Motivation for this change

This is needed for particular network configurations. For example, Hetzner provides me with /64 IPv6 network, but requires to set default gateway fe80::1. This won't work if I just set the address because Linux wouldn't know where should it send packets. Specifying the interface explicitly fixes that.

To accomplish this, I turned networking.defaultGateway{,6} into a submodule with options address and gateway. To hold backwards compatibility I introduce new type coercedTo coercedType coerceFunc finalType. It allows one to specify either something of finalType (merged as is), or coercedType (would be converted to finalType during merge using coerceFunc).

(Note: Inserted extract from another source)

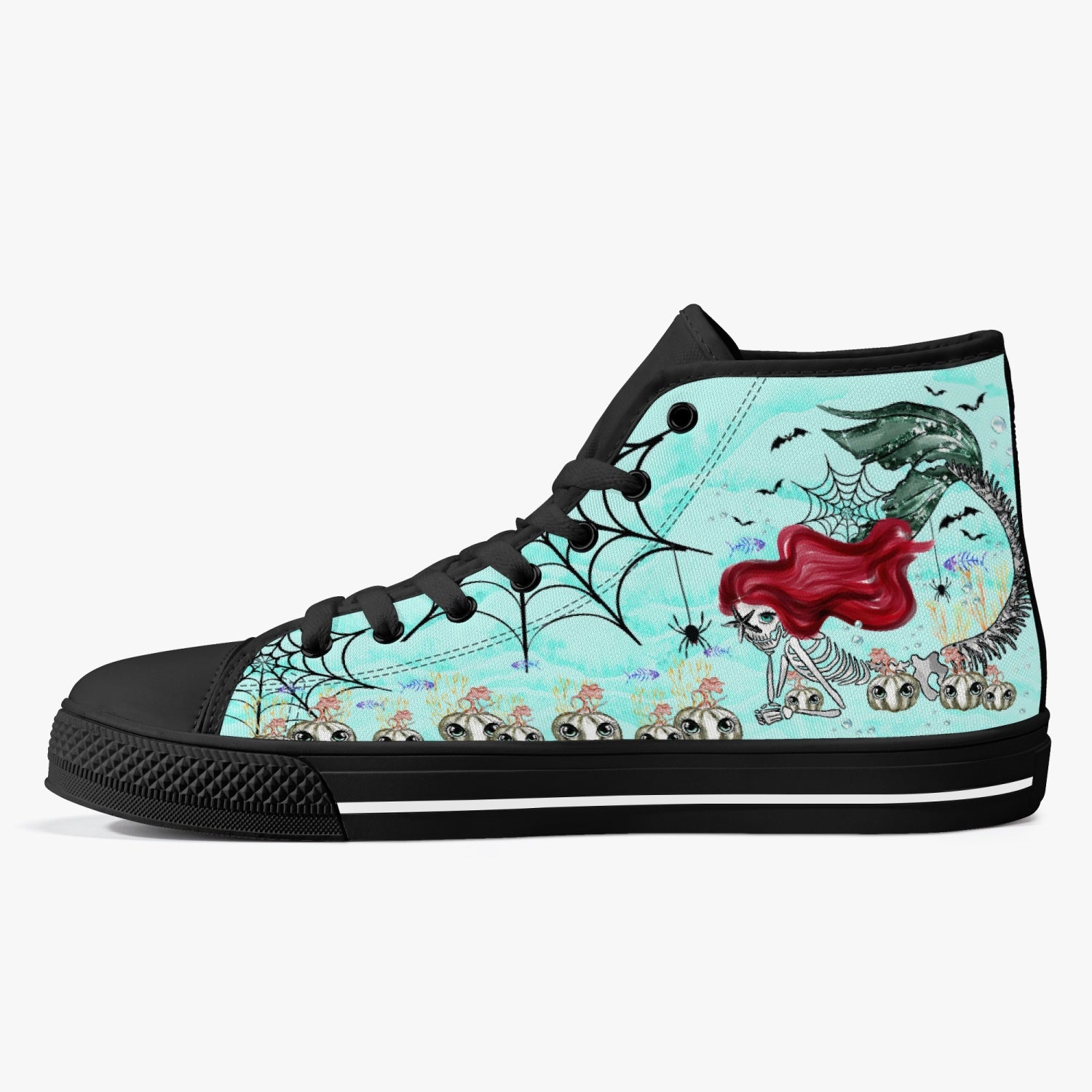 SALTY WITCH MERMAID HALLOWEEN HIGH TOP CANVAS SHOES - TLTR2808236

For example, option:

foo = mkOption {
  type =
    let mySubmodule = {...}: {
      config = {
        value = mkOption {
          type = types.lines;
        };
      };
    };
    in types.coercedTo types.str (x: { value = x; }) (types.submodule mySubmodule);
};

configuration-1.nix:

{
  foo = "value-1";
}

configuration-2.nix:

{
  foo.value = "value2";
}

We'd get resulting foo.value containing both "value1" and "value2".

cc @nbp as the module system author -- this was my first encounter with it and I'm unsure if I've defined coercedTo correctly.

Things done
  • Tested using sandboxing
    (nix.useSandbox on NixOS,
    or option build-use-sandbox in nix.conf
    on non-NixOS)
  • Built on platform(s)
    • NixOS
    • macOS
    • Linux
  • Tested compilation of all pkgs that depend on this change using nix-shell -p nox --run "nox-review wip"
  • Tested execution of all binary files (usually in ./result/bin/)
  • Fits CONTRIBUTING.md.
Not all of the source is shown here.